ACTION ITEM:
Locate the line that contains "Medium Hybrid Mattress-88543414-111465198" in the entries below, then repeat it and every following line through the line that contains "ALERO CERAMIC BEARING SRAM Pressfit", exactly, and no others.

SOURCE MATERIAL:

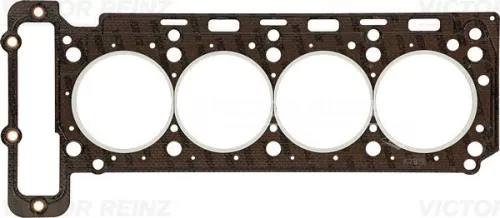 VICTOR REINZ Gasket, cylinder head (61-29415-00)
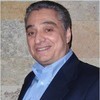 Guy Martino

...

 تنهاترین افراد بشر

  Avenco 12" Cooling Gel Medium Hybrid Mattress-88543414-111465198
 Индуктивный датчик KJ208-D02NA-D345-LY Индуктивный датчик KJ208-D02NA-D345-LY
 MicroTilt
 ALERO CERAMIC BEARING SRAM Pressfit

ANSWER TO THIS EXERCISE:
  Avenco 12" Cooling Gel Medium Hybrid Mattress-88543414-111465198
 Индуктивный датчик KJ208-D02NA-D345-LY Индуктивный датчик KJ208-D02NA-D345-LY
 MicroTilt
 ALERO CERAMIC BEARING SRAM Pressfit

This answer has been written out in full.